Start of Block

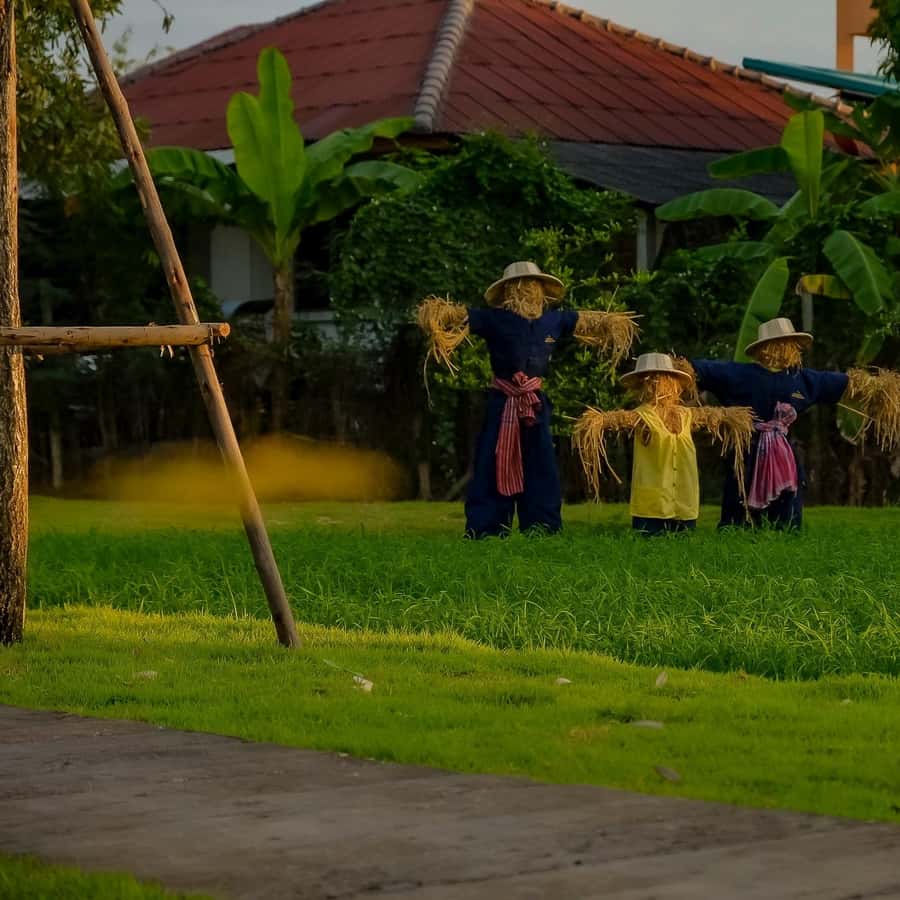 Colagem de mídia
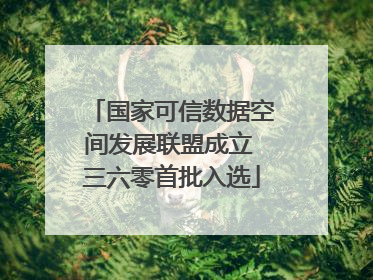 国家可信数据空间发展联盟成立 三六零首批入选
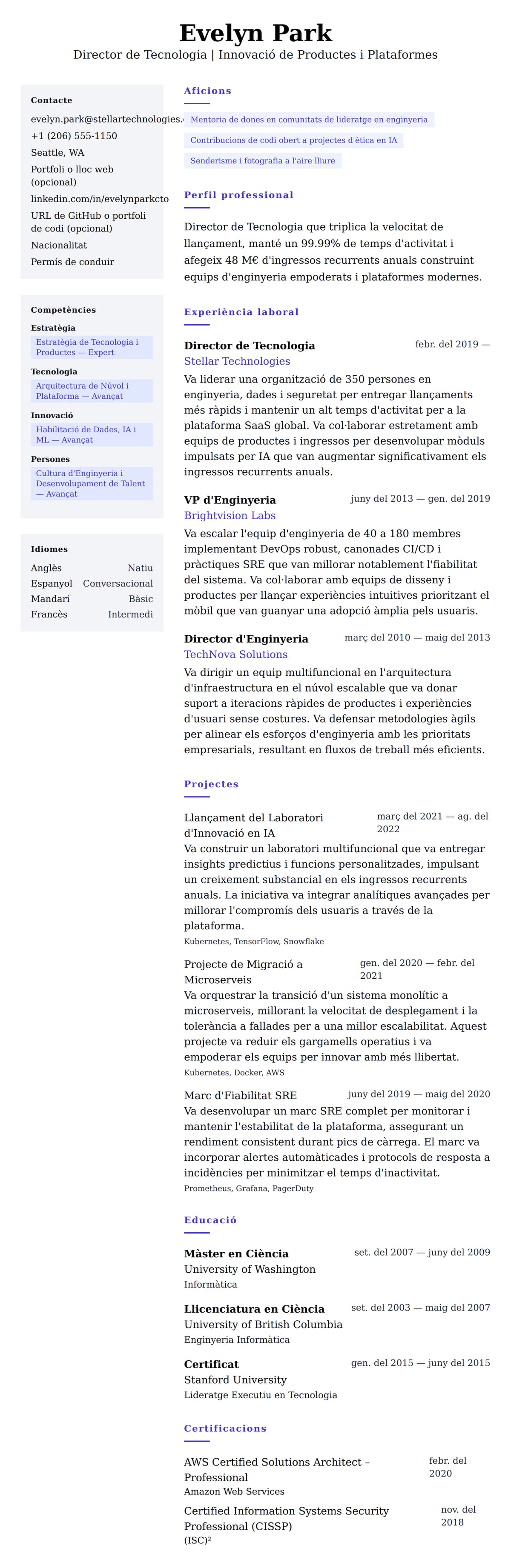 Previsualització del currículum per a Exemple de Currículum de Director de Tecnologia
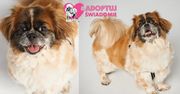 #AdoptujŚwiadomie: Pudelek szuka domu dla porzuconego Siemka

End of Block

:: Activity ::
The expected output is the exact run of lines from the one containing "国家可信数据空间发展联盟成立 三六零首批入选" through the final line of the data above, both ends included, with no pictures.

:: Answer section ::
 国家可信数据空间发展联盟成立 三六零首批入选
 Previsualització del currículum per a Exemple de Currículum de Director de Tecnologia
 #AdoptujŚwiadomie: Pudelek szuka domu dla porzuconego Siemka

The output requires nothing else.